You may have also noticed the resin bomb bay doors in that photo. At the time I bought them I had read several places that the doors were fiddly to install in the closed position so I thought I would save my self some grief. Well when test fitted with the fuselage halves taped together, I found the resin door was too wide and about 1/16" too short. Fixable, yes, less trouble than dealing with the kit doors, no. Some test fitting indicates that if the bomb bay doors are glued in place on each fuselage half prior to assembling the fuselage they should fit fine and will allow them to be glued from the inside and positioned with ease. Problem solved.
Next thing I did was to see what could be put together quickly and that turned out to be the wings and tail. Only thing that needed to go inside the wings was landing light lenses.
Next I wanted to deal with getting some of the other resin parts cleaned up. First the wheels, these were from Lone Star, I thought the tread looked better than the kit wheels and I hate cleaning up seams on wheels molded in halves. Also they weren't bulged or weighted so they don't look flat like True details tires often do. I did sand a flat on them to give some weighted appearance.
Wheels and tires painted up ready for weathering.
Next up was the cowling set. This was from Vector and the molding plugs had me worried that cleanup would be a bear. But it turned out that it was as easy as a light scribe around the outer edge of the plug with a tip of an X-acto and it popped right out. A little trimming and they were ready for use.

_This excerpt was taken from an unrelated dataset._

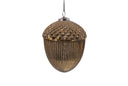 A vintage-style metallic acorn-shaped hanging ornament with a textured diamond-patterned top and ribbed lower body, shown against a plain white background.
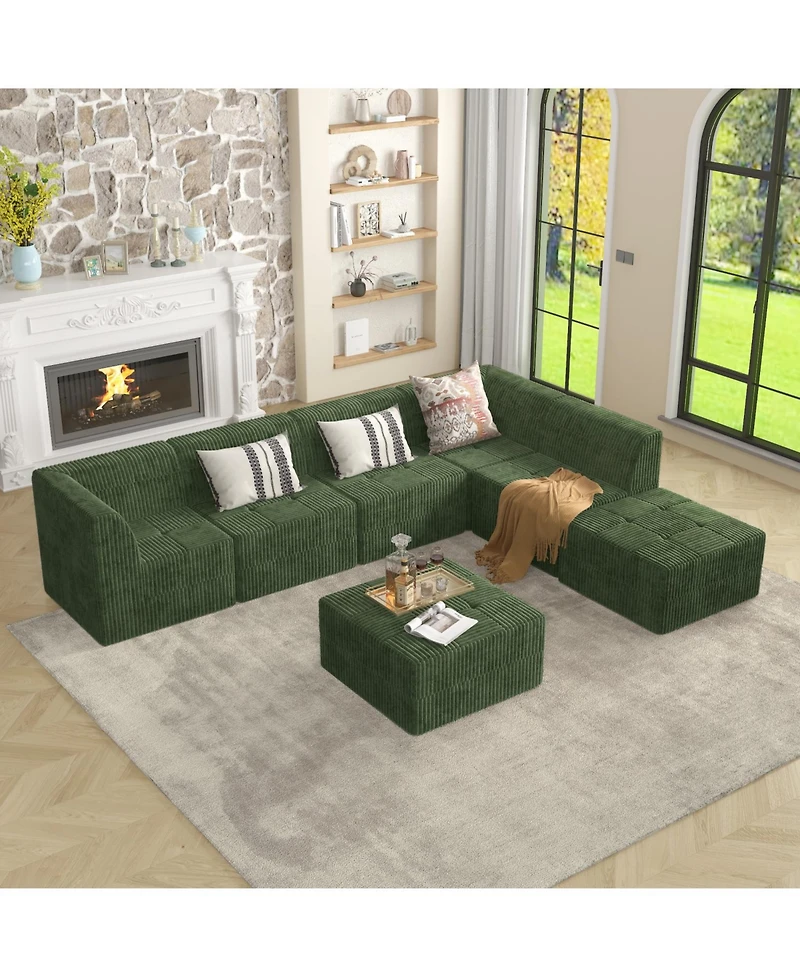 Streamdale Minimalist Corduroy Ottoman Sofa Bed, Space-Saving Design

The set provides open cowl flaps which most PV-1 photos show open when on the ground. With the actuators installed, some paint and grunge they look the part.
The Vector engine set shown in the review contained a new gear reduction housing, to use the it one would need to cut off the old. Not a big deal but the magnetos on the kit part extend clear back between the cylinders and removing all of them didn't look practical to me. See kit part below...
Since it's not all that easy to see once in the cowling I decided to take a different route. I went with the kit part, added some token wiring and added the prop controls and called it a day. Due to the way the part was molded in one piece doing a prototype wiring job was really not possible so I added just enough that when view from the front it gives the impression of wiring or at least I hope so. The push rod tubes were done with a Sharpie.
On the Eduard PE I found that with the exception of the main instrument panel, the other auxiliary panels more closely matched those in the PV-2 so I went with the kit parts for them. I have found that giving the panel a flat coat before using Future in the dial faces seems to eliminate most of the grainy effect on the Eduard parts.
To me the
kit cockpit was a bit lack luster. The
control columns appeared to be too tall to me but when I looked at
photos of the real thing they seemed to be in the right height based on
their proximity to the throttle quadrant and IP and I came to the
conclusion that the seats are just too low or everything else is too
tall. My emphasis on this build is primarily the exterior so I decided
not to get off track fixing things that won't easily be seen anyway so
I left it as is. Due to its small size it was difficult to photograph...
The cockpit side walls were pretty plain with just some molded in squares that could be almost anything and didn't seem to match any of my references. I had hoped to use the resin side wall panels that came with the Foundrie Miniatures kit but alas they didn't match references either. Do the kit designers just make this stuff up ? So I resorted to some creative gizmology. On the pilots side I repurposed a couple of the unused Eduard parts, not correct by a long shot but better than molded in blobs.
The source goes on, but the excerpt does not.